The thrombolytic agent administered was a recombinant tissue-type plasminogen activator (rt-PA, alteplase), tenectoplase or reteplase. All patients received unfractionated heparin or enoxaparin, aspirin, and clopidogrel at recommended doses in relevant guidelines [14]. Two experienced cardiologists, who were unaware of each other to determine the degree of stenosis in the IRA, assessed CAG of the patients. Compliance between data taken by two doctors was detected at very high levels (ICC = 0.888, 95% CI: 0.805 - 0.930, P = 0.001). The computer-based ACOM PC 5.01 (Siemens Medical Systems, Inc., Erlangen, Germany) was used for off-line quantitative CAG analysis. Measurements were performed in end-diastole in the projection that best showed the diseased segment with as little foreshortening as possible. Minimal lumen diameter (mm), were measured. Thrombolysis in myocardial infarction (TIMI) grade 2 or 3 flow was detected on all CAG. Hypertension was defined as repeated measurements of systolic blood pressure > 140 mm Hg, diastolic > 90 mm Hg, or treatment with antihypertensive medications. DM was defined as a prior diagnosis and/or fasting blood glucose > 126 mg/dL or use of antidiabetic medications. Hyperlipidemia was considered as a total cholesterol level above 200 mg/dL or the use of lipid-lowering medications. Cigarette smoking was defined as smoking 1 or more cigarettes a day for more than 1 year without a quit attempt.

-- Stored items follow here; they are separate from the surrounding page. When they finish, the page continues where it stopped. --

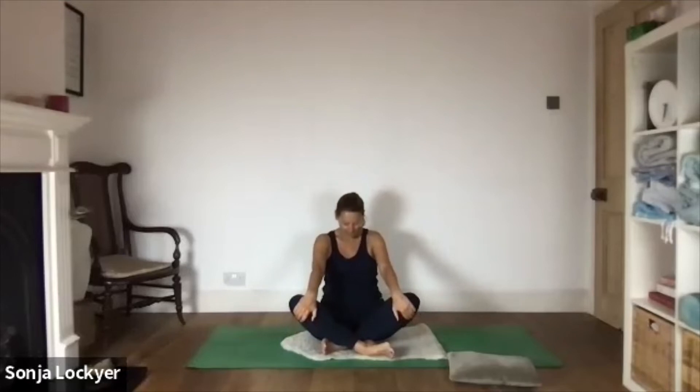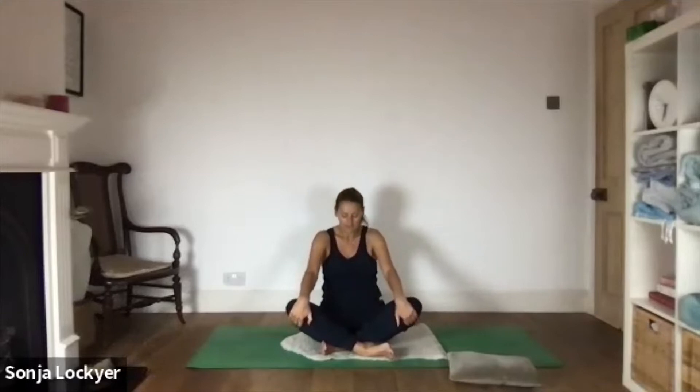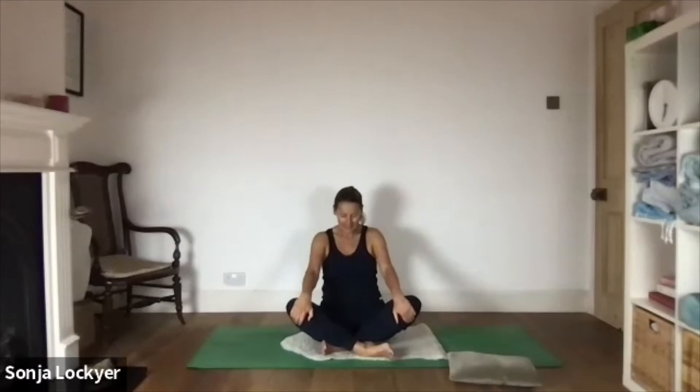We'll start by simply dropping the heart back as you exhale, taking your chin to your chest, and then rolling your pelvis, which ripples up through the spine and allows your heart to move forwards between your arms, and your gaze will lift. We'll just move like that slowly, very slowly, as we begin to integrate the way that we breathe with the way that we move. We're gathering information, listening in as to how our back's feeling today.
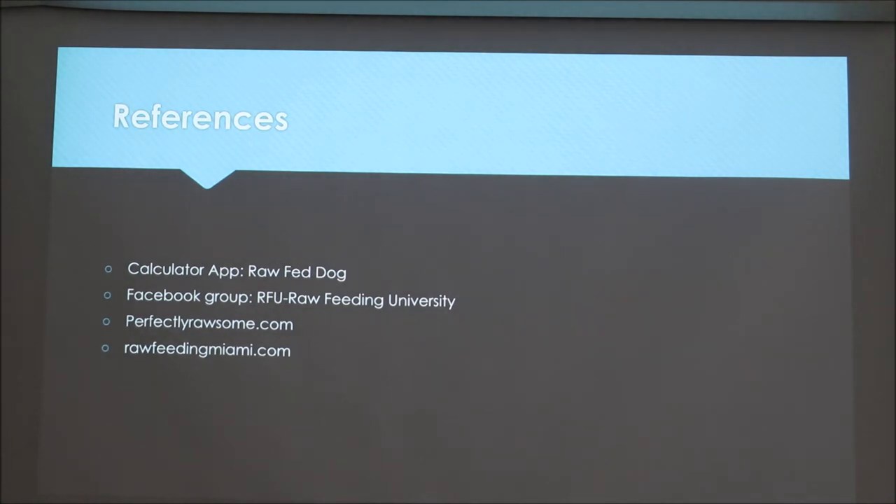If you want to learn more about raw feeding, there's the Raw Fed Dog calculator app, a raw feeding Facebook group that anyone can join, and two really good websites to check out before you start raw feeding on your own.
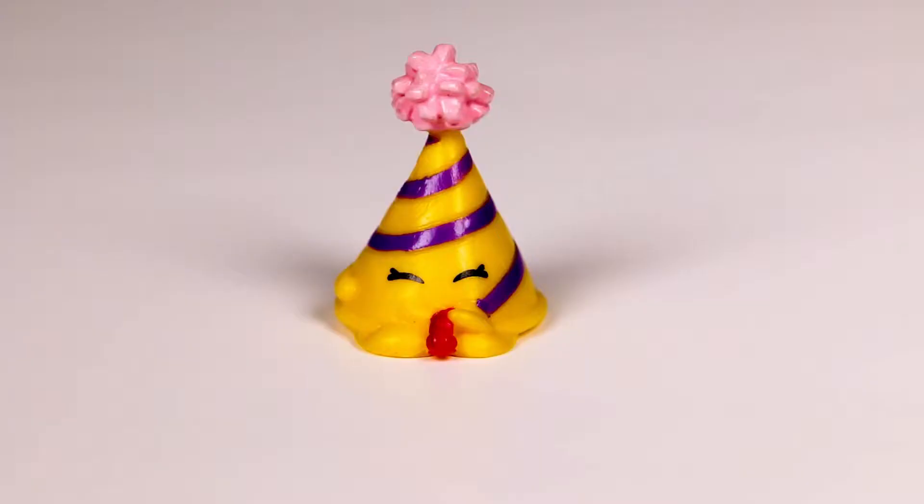Shopkin of the day is Marty Party Hat. He is the Season 4 Common Party Time Shopkin. The pink pom-pom on the top of his hat is totally adorable.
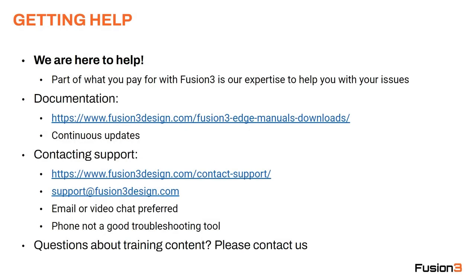Finally, if you have questions about the training content, please contact us. This training series is relatively new, so there's a chance we've missed something or something isn't clear — we're always happy to get feedback. Thank you — this is the end of our new user training series. Thank you for sticking with us. I know this is a lot of content to absorb. I hope it was useful, and happy printing.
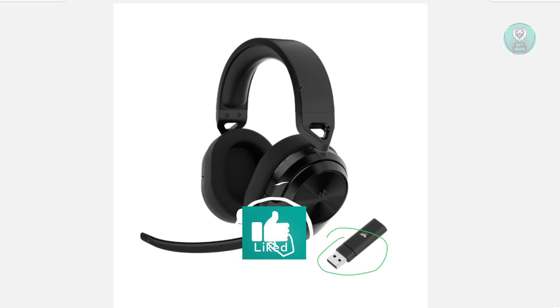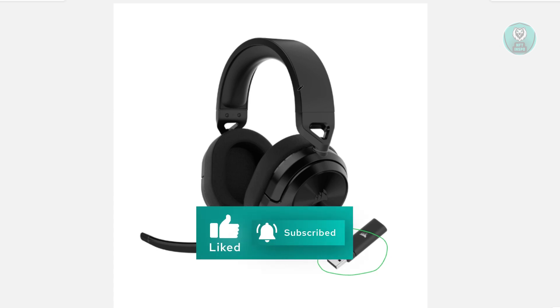But that's about it. Hopefully this video was helpful. Thank you for watching.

All the data were analyzed with SPSS (Statistical Package for the Social Sciences) software for Windows Version 20.0. Categorical variables were expressed as percentages, and using Chi-square or Fisher’s exact test as appropriate compared their frequencies. Continuous variables with a normal distribution were expressed as mean ± standard deviation, and were compared using a Student’s t-test. The continuous variable without a normal distribution was expressed as median (maximum - minimum) and was compared using the Mann-Whitney U test. The normality of data distribution was verified by Kolmogorov-Smirnov test. Homogeneity of variance was assessed by Levene’s test. P values of < 0.05 were considered statistically significant.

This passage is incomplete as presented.